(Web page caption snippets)
· · · · ·

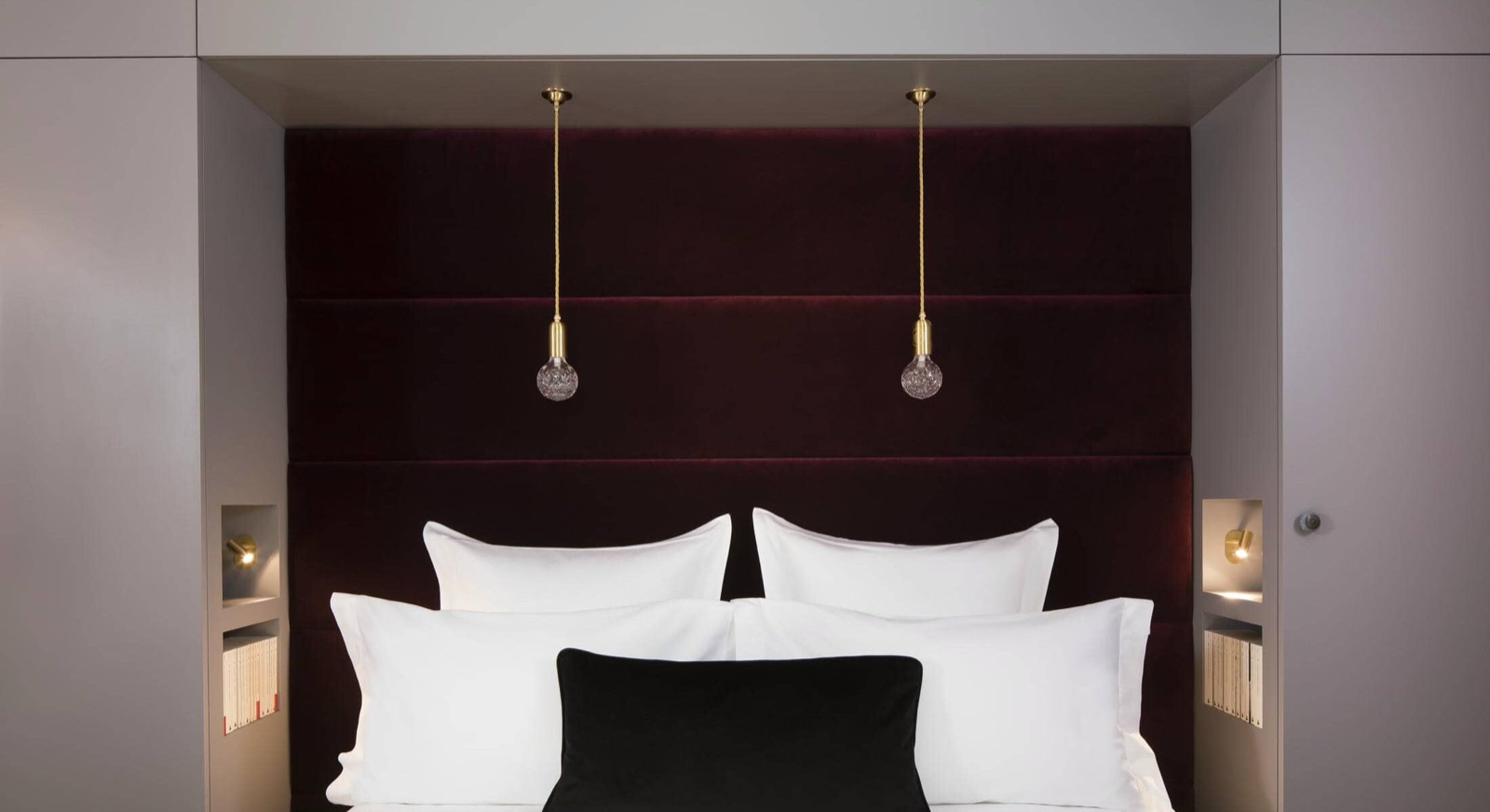 Chambre d'une suite de l'Hôtel Cardinal à Bordeaux, tête de lit en velours grenat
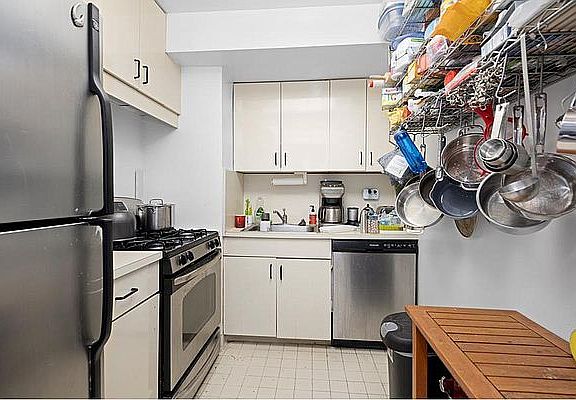 3rd image of 155 W 68th St APT 1704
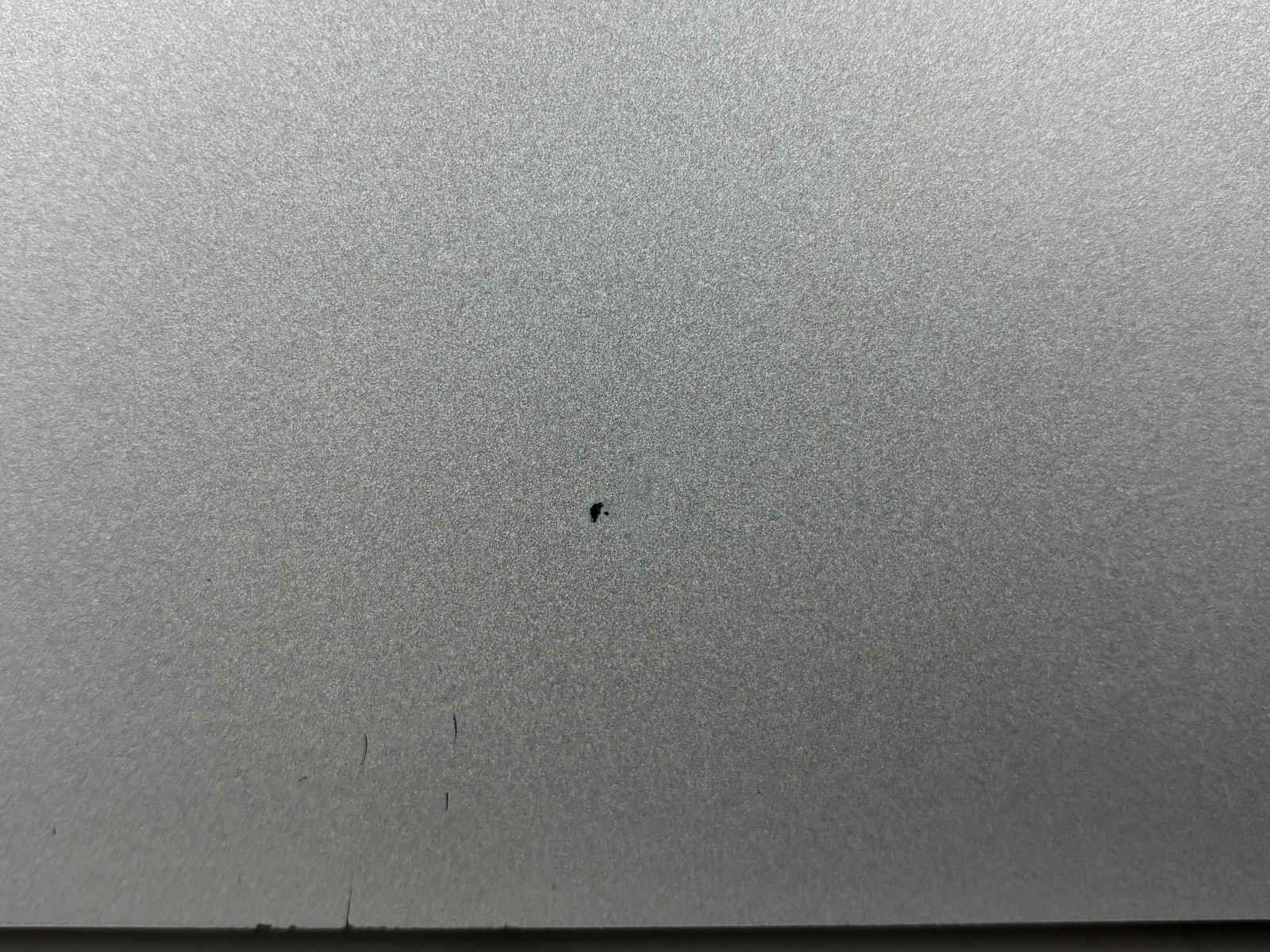 Dell Latitude 5511 15.6″ FHD i7-10850H 2.70GHz NO SSD NO RAM HARD KEYS PARTS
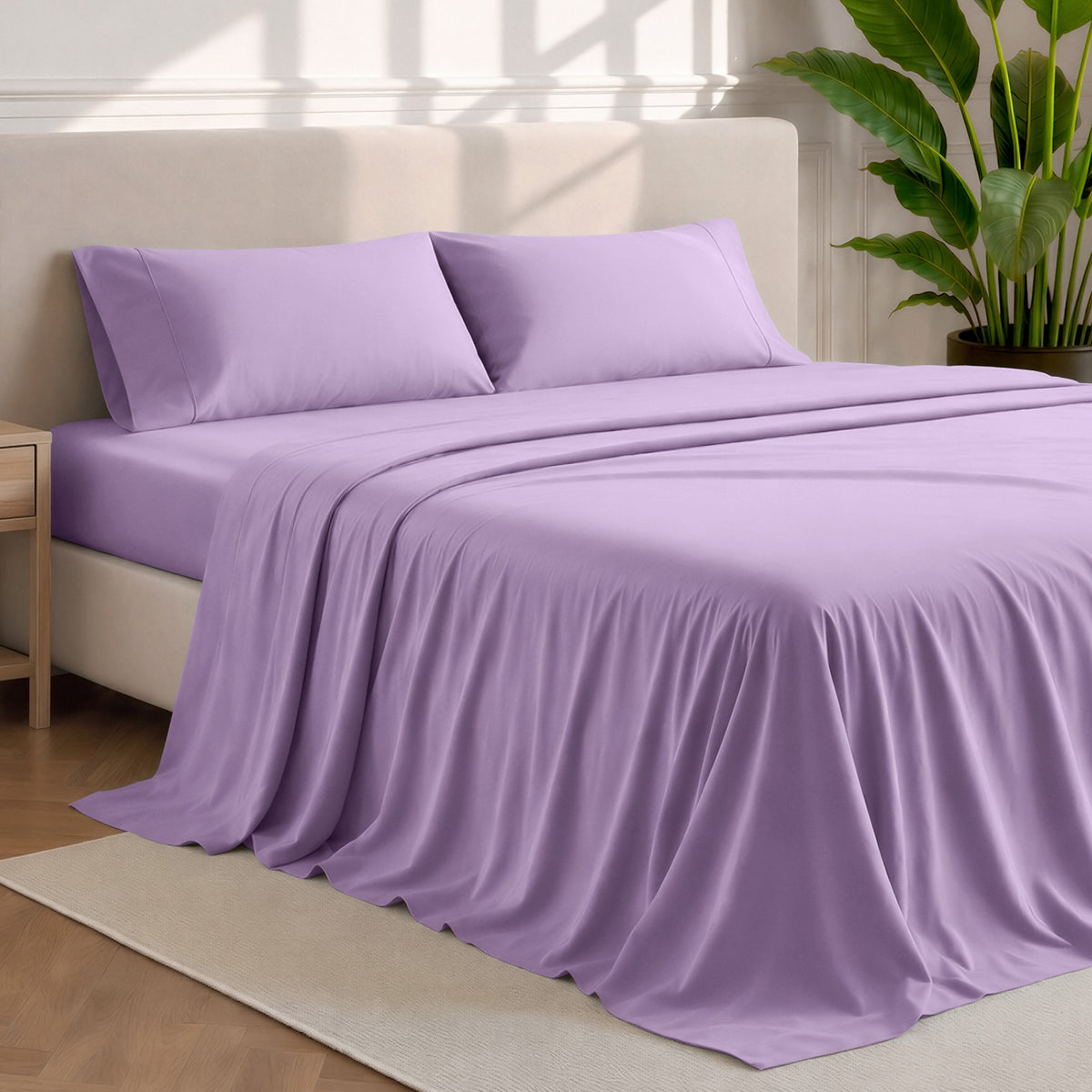 Microfiber sheets and pillowcases in a bedroom stetting
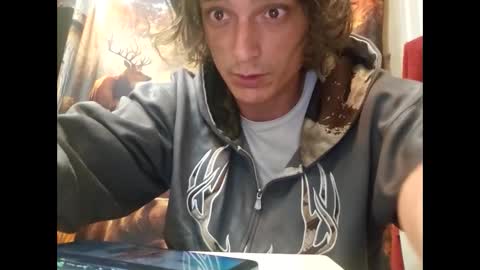 Snapshot of burntbuns710 chatting on 09-16-25, 12:06 LostSingledad online show from 09-16-25, 12:06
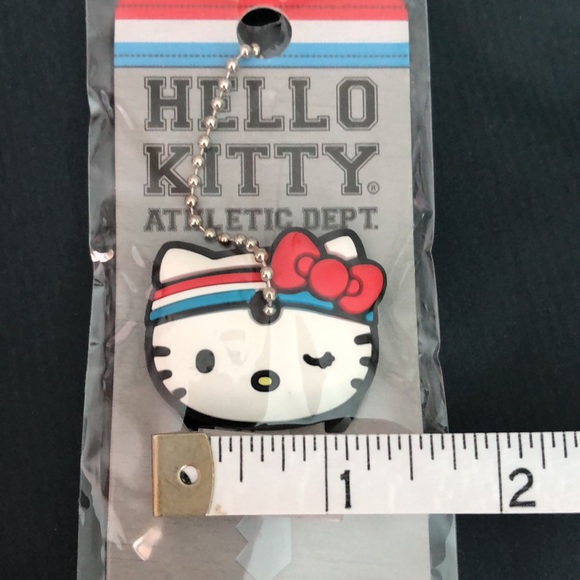 Hello Kitty Keycap - Picture 3 of 5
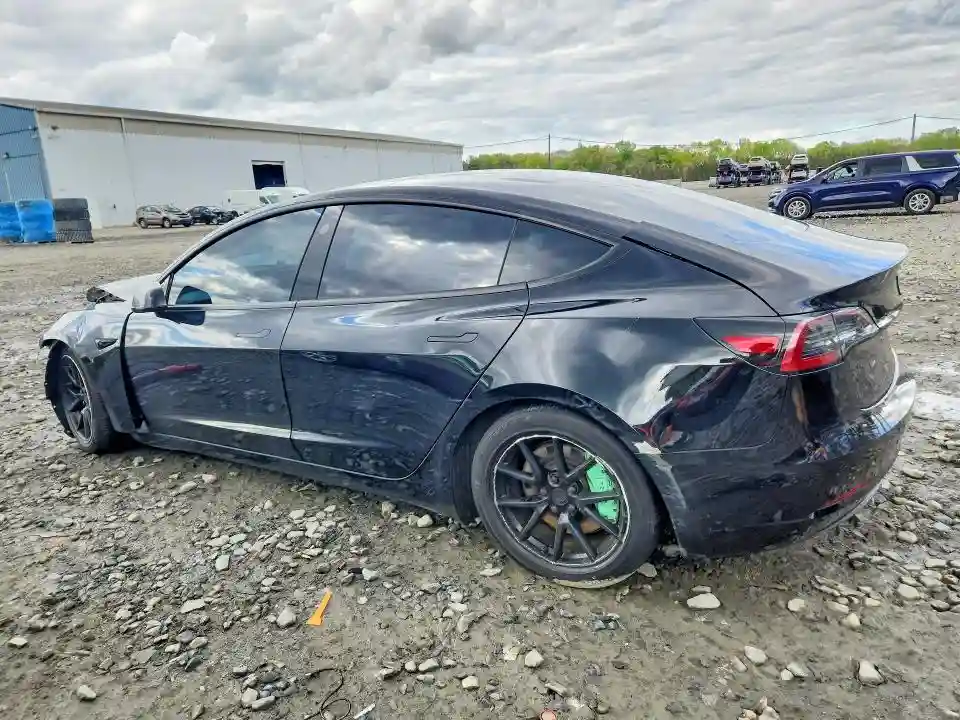 5YJ3E1EA4PF432107 2023 TESLA MODEL 3-1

· · · · ·

Required action: Retype each entry precisely. Skip images entirely.

Output of the task:
 Chambre d'une suite de l'Hôtel Cardinal à Bordeaux, tête de lit en velours grenat
 3rd image of 155 W 68th St APT 1704
 Dell Latitude 5511 15.6″ FHD i7-10850H 2.70GHz NO SSD NO RAM HARD KEYS PARTS
 Microfiber sheets and pillowcases in a bedroom stetting
 Snapshot of burntbuns710 chatting on 09-16-25, 12:06 LostSingledad online show from 09-16-25, 12:06
 Hello Kitty Keycap - Picture 3 of 5
 5YJ3E1EA4PF432107 2023 TESLA MODEL 3-1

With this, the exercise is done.